Thankfully, this science of extreme weather event attribution as a branch of climate science is developing quickly now, thanks to scientists such as Dr. Fredi Otto and others who have also set up the website worldweatherattribution.org, a great resource for journalists.
As you can see again on this summary slide, all these issues here are operational because they are either questions of training, workflows, staffing or budgets.
The following cultural issues or levers, that came up regularly in my conversations are far fewer but also trickier:
With climate change being a systemic issue, it affects every area of a general news organisation, not only its science, politics and business journalism but equally all its other branches: real estate journalism, food, lifestyle and health journalism, sports and technology journalism and increasingly — slowly, but increasingly — its culture journalism.
What this requires from newsrooms then is a very high degree of interdisciplinary collaboration. The good news is: many news organisations have already seen an increase of such collaboration during their coverage of Covid19 when it became more necessary and also more common for, let’s say, a business editor to double-check with the science desk before running a story about a promising new vaccine manufacturer.
A cultural difference, though, between reporting on Covid19 versus on climate change is that climate journalists have been around for decades and often felt marginalised in their newsrooms. And so I spoke to a couple of well-respected science, environment or climate journalists who told me in no uncertain terms that they really did not like the idea of their colleagues at the travel desk now suddenly writing about tourism and climate change or their colleagues in the sports team about the foreseeable impact of climate change on football or alpine sports.
One colleague said, quote: “Why would I want our lifestyle desk to cover climate change? Most likely their stories would contain scientific errors but probably perform better than mine”
Of course, a newsroom needs both, the climate experts as well as an increase of its general climate literacy across all desks.
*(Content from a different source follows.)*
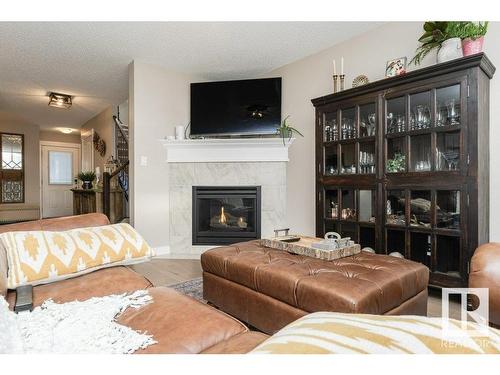 3047 Harvey Crescent, Edmonton, AB - Indoor Photo Showing Living Room With Fireplace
To manage this co-existence and to nurture a culture of collaboration mostly comes down to the quality of a chief editor or their managing editor.
You could think of ensuring the mental health of staff as a rather operational issue, as this mostly comes down to training team leaders in their recognition of early warning signals and of colleagues in need of support as well as a question of making sure there are different kinds of counselling available.
When it comes to the mental health of climate journalists, though, there is a cultural element to consider: In general, the news industry has quite a lot of institutional knowledge about how to protect the mental health of its war and crisis reporters who are about to or have already witnessed horrible events. Not as much is known, though, about the health effects it can have on journalists to work on climate change full-time or also to feel marginalised or simply not understood in their own newsrooms, regarding the seriousness of the climate situation.
I had the privilege of getting invited into the meetings of various newly-founded self-help networks of climate journalists in different European countries. In all of these meetings, I was surprised by the degree to which these journalists expressed their need for a peer group that would also provide them with the emotional support their own news organisations were not giving them, even if this meant sharing knowledge with your direct competitors.
This cultural issue around so-called solutions journalism has to do with the question of whether journalists have a responsibility to not demoralise or frighten their readers or viewers with their journalism but to also present stories about plausible solutions to the climate crisis as a way of giving hope.
Such solutions could be the positive effects of new laws, just as much as reports about new technologies or about the positive effects of personal behavioural changes.
The driving forces behind these discussions in journalism circles are the Constructive Institute in Arhus, Denmark, and the Solutions Journalism Network in New York.
About 80 per cent of the climate journalists that I asked about their views on solutions or constructive journalism principles indicated that they thought it meant to somehow sugarcoat the harsh realities of climate change or to not ‘tell it as it is’ as one journalist put it.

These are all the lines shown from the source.